Everything from the line with "Babe, el cerdito valiente carátula Blu-ray" down to the line with "Cartolina Postcard New" below must be printed exactly, those two lines included. Exclude pictures.
====== EXTRACTED DATA ======
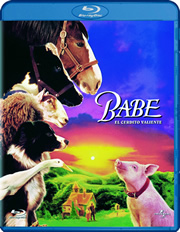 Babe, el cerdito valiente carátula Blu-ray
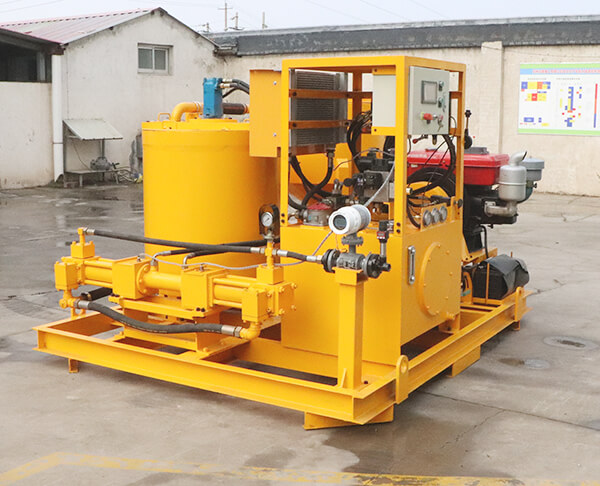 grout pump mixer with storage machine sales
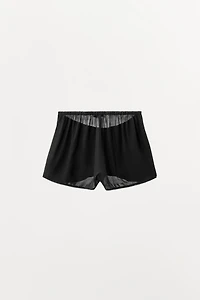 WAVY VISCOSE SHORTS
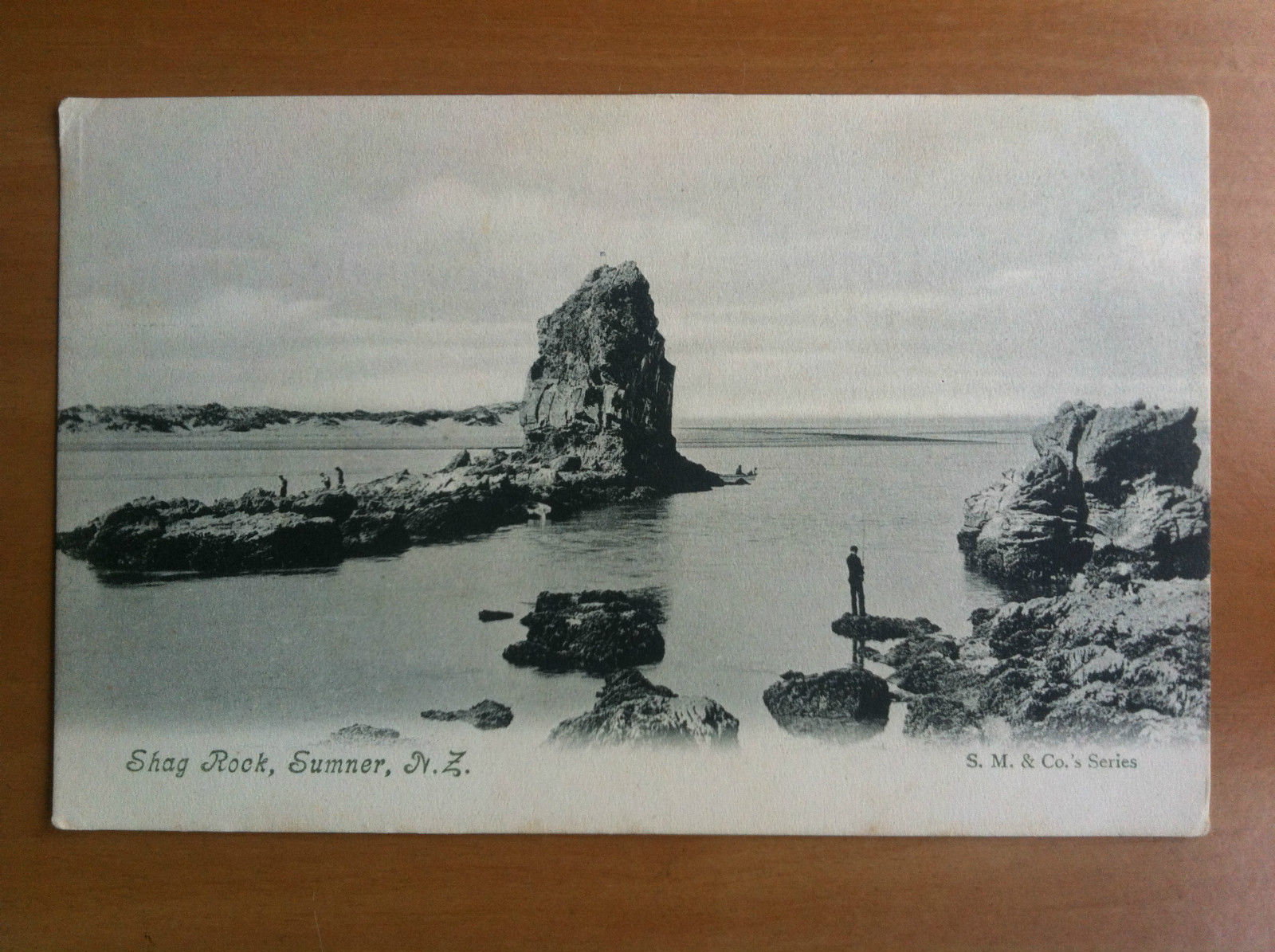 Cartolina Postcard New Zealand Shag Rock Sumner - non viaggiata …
======
====== EXTRACTED DATA ======
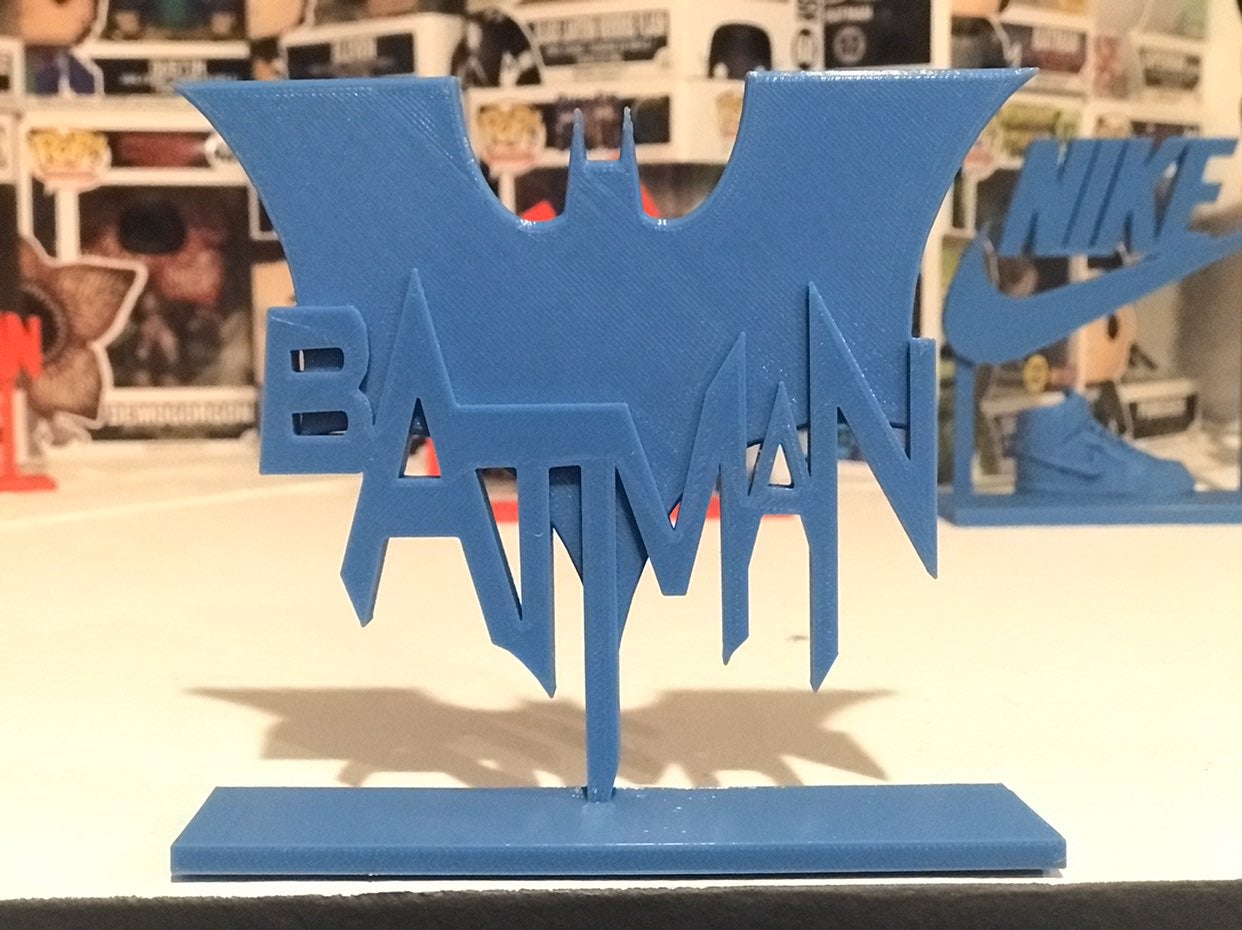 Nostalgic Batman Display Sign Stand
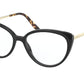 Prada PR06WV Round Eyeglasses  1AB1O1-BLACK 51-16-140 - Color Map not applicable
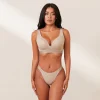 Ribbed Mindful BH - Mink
======
_FINISHED EXERCISE:_
 Babe, el cerdito valiente carátula Blu-ray
 grout pump mixer with storage machine sales
 WAVY VISCOSE SHORTS
 Cartolina Postcard New Zealand Shag Rock Sumner - non viaggiata …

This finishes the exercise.